Yui’s first awareness of IP started with anti-counterfeiting products. Prior to embarking on her career in a major Japanese technology company, she studied IP law and her interest in IP expanded into innovation and patents. One project which Yui was deeply involved in during her previous role meant working with Avanci from outside. The Japanese firm’s automotive business unit and its R&D had differing views on joining the Avanci Vehicle platform, which were ultimately resolved and resulted in the company becoming the first licensor with an automotive industry background to join Avanci Vehicle 4G. That experience of bridging business and R&D units was meaningful and memorable and is extremely helpful for her current role in Marconi, where she is a local interface to our Japanese partners.
She took great pleasure in developing and strengthening relationships with customers, in particular when helping licensees understand the benefits of our independent joint licensing platforms. “My support on the ground in Japan helps us and customers, which give me a great sense of joy and pride.”
A crucial but challenging part of operating a joint patent licensing platform is reliance on support from licensee and licensor partners. “It is almost impossible for us to complete a project by ourselves.” Admittedly, it is key to successfully establishing relationships and continuously nurturing cooperations.
Working in IP usually requires a combination of technical and legal skills. It takes time to harness and sharpen both skills. Women are gradually making inroads into this male-dominated fraternity, especially with a gradual rise of women IP leaders and inventors in the electronics sector. But female IP leaders and inventors are still rare in other sectors in Japan.

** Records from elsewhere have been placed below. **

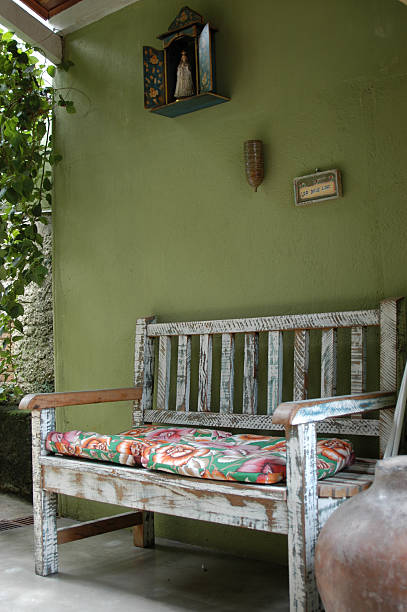 istock Old bench in front of a green wall 92126311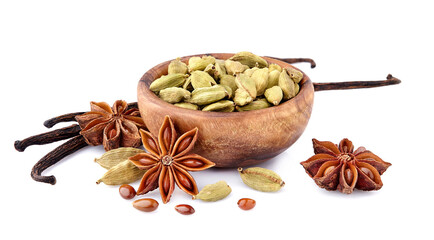 Cardamon, anise, vanilla  in wooden bowl isolated on white background. Spices isolated.
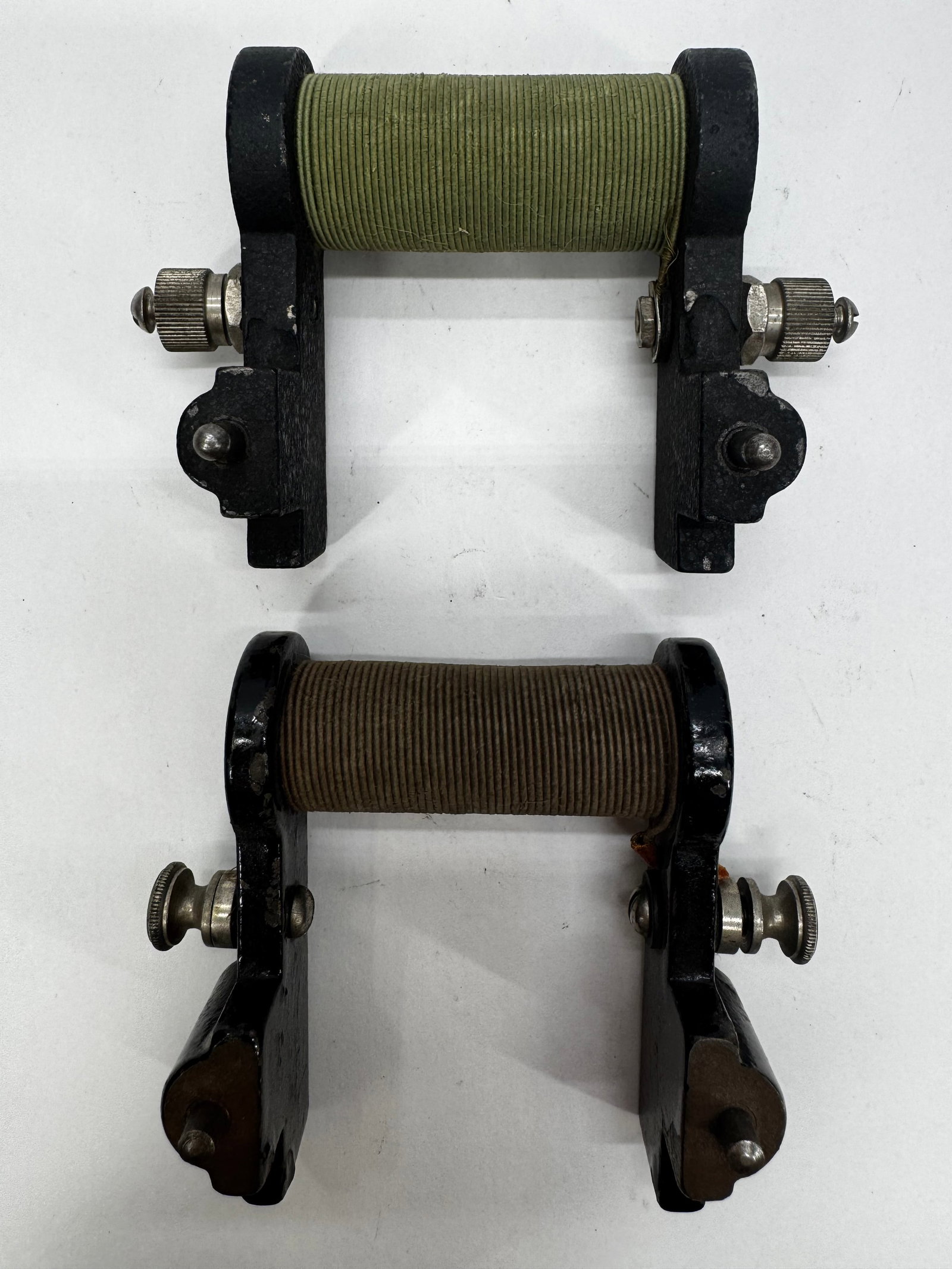 Antique Wire-Wound Rheostats Variable Resistors Pair: Pair of antique wire-wound rheostats with cast iron frames, ceramic resistance coils, and nickel-plated adjustment terminals. These early variable resistors were used to regulate current in laboratory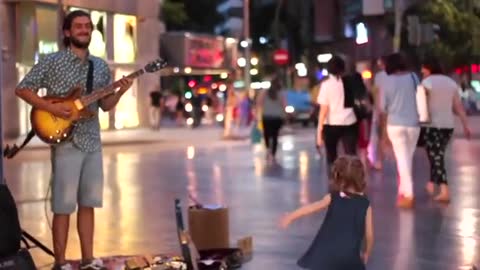 Cute girl dancing in the street to electric guitar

Yui sees the growth of patent licensing would bring more opportunities for women to be leaders in IP. She believes that women can have better instincts and more advantages in pool licensing, given that the latter requires more cooperation with others across a large group of companies, compared to bilateral licensing. In her experience, women tend to be more communicative, considerate, and collaborative.
Another appeal to hopefully draw more women into IP is the flexibility and freedom. “IP related work is fairly flexible, and it is not always restricted to working in a fixed location, so it is easy to keep work and life in balance.”
Maria combines her extensive knowledge of patent office practice with in-house engineering experience to build and identify strategic portfolios. Starting as a software telecommunications engineer, Maria recounts that a 3G wireless R&D project introduced her to corporate IP patent strategy from an inventor perspective. She pivoted to patent law after finishing law school.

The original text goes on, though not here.